The second side kicks off with "Sphere within the Lotus" and I'm not sure if it's possible to give a song a more "psychedelic" name. It fits cause it's a squall of a song drenched in glorious, or copious, amounts of fuzz and wah, depending on your viewpoint. Mahood is even rocking wind chimes harder than they've ever been rocked before. Sadly, the piece is pretty short. "While the Clouds Gather" is a mellow number, and there's not too much to say other than it's supremely, if unassumingly, gorgeous. It sneaks up on you. "Other Realms" is the default epic of the side, marking the return of Mahood's wordless vocals paired this time with guitar. The track drifts for a while until a slamming groove comes out of nowhere making everything get real good real quick. "Voyage of the Night Pavilion" finds acoustic and electric guitars making a great team, the former handling the melody and the latter producing a fuzzy fog and chiming in on the melody when it feels like it. Its a perfect outro cause of the gently lilting vibe, though it heats up near the end with a melting guitar lead.
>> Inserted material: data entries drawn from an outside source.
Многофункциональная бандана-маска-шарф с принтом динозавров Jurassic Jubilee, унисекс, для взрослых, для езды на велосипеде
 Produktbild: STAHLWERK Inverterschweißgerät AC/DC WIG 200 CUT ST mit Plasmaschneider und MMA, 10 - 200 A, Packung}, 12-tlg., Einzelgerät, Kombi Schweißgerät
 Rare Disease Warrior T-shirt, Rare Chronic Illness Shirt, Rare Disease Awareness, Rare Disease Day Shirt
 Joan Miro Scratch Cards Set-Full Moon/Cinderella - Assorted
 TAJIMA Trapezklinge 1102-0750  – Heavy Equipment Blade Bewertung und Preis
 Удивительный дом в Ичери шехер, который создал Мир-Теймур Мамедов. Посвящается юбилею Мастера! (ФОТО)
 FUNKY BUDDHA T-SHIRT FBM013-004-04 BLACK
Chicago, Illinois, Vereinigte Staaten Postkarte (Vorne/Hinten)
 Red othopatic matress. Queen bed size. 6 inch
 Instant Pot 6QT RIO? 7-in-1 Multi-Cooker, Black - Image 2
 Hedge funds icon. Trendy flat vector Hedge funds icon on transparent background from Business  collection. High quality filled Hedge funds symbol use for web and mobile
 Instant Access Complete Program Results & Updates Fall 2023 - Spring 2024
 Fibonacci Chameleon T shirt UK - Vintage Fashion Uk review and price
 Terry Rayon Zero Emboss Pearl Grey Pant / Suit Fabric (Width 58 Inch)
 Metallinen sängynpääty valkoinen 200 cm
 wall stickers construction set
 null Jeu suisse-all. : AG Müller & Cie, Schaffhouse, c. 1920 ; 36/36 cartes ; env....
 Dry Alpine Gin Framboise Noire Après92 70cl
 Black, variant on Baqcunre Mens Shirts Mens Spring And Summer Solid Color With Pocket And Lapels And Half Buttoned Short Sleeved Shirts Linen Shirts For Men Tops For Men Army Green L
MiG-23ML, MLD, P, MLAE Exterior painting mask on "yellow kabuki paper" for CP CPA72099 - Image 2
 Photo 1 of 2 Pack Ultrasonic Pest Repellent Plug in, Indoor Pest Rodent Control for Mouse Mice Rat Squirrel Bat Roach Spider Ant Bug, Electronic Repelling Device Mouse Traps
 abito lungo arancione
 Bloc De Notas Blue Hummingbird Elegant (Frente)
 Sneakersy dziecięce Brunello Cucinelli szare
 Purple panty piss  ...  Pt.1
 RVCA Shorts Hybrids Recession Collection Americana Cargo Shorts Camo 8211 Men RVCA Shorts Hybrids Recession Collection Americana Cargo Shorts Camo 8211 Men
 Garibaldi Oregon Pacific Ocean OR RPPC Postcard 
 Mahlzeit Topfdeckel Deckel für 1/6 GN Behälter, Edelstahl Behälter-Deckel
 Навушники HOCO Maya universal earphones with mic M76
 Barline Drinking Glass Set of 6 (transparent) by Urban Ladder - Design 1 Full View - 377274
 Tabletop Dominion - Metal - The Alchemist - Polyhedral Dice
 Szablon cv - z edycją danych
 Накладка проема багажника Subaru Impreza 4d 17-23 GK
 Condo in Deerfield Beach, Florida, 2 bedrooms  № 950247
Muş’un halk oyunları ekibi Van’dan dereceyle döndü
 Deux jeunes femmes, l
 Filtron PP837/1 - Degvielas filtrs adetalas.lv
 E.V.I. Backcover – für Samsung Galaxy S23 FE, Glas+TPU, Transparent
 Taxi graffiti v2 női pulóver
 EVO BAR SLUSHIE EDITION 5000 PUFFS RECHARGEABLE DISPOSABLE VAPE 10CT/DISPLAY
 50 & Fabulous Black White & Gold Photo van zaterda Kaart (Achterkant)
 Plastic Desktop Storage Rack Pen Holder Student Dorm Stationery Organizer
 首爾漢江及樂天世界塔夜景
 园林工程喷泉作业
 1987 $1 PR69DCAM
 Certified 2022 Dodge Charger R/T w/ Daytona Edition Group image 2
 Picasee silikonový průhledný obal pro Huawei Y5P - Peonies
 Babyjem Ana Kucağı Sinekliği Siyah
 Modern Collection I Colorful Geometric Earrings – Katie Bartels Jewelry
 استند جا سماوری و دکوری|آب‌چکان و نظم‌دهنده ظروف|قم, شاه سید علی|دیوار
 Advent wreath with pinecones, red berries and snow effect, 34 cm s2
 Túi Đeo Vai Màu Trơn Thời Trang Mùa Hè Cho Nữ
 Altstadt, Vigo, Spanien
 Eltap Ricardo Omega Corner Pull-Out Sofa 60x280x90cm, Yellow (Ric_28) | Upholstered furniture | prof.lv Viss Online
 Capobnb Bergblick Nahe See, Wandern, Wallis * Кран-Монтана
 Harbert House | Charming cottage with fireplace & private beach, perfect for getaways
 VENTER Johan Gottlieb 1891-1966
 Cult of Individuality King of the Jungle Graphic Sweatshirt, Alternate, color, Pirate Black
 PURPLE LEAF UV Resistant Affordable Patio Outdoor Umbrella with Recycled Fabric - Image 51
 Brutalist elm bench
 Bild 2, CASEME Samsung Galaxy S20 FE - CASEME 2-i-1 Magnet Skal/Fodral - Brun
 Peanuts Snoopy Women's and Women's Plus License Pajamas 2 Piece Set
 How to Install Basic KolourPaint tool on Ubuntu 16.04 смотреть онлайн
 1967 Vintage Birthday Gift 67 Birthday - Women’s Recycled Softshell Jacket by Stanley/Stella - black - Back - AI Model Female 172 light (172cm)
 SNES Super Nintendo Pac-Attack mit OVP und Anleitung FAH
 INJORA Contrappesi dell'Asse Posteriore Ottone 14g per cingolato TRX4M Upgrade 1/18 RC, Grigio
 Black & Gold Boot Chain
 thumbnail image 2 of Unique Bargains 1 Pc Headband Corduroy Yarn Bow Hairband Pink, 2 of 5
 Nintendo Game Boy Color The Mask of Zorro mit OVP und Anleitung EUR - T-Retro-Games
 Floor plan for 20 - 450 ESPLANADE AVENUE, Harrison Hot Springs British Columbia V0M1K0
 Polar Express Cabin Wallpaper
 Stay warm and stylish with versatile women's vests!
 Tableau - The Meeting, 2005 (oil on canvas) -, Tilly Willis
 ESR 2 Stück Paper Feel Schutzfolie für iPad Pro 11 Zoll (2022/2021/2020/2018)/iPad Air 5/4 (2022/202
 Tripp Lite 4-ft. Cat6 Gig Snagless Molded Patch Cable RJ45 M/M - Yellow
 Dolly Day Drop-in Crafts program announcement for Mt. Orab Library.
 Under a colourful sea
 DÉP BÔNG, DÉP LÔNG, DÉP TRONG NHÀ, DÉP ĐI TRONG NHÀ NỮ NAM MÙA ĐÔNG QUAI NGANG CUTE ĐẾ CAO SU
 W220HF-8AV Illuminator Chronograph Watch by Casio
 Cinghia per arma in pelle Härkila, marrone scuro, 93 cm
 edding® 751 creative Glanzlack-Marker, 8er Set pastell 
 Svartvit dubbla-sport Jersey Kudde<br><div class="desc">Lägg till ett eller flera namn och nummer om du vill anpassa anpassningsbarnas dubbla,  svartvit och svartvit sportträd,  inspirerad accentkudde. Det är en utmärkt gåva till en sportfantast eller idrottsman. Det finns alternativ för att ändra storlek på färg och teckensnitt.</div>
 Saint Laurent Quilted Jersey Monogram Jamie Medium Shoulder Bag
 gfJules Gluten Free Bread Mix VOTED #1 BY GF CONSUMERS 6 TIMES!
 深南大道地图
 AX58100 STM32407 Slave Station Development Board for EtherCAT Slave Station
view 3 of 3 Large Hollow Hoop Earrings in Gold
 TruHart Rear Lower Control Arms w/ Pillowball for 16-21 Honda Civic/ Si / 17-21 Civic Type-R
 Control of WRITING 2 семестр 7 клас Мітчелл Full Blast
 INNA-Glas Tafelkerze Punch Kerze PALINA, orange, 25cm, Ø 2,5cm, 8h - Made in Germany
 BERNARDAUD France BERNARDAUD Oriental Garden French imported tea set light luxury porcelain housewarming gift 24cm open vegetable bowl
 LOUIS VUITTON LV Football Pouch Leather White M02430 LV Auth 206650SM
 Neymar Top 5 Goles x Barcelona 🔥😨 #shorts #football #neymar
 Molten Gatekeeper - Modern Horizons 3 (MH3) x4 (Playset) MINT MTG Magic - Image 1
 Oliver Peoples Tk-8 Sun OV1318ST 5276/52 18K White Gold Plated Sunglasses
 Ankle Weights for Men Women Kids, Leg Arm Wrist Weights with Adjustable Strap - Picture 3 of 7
Dawn of the Golden Eternity is another great installment of Mahood's 4-track psych excursions. I like that he kept most tracks pretty short so he could cover a lot of ground, but I wish he'd given the openers of both sides a bit more time to jam it out. If you dig Mahood's stuff this definitely worth the pickup and if you don't know it, this is a fine place to start.
Still available.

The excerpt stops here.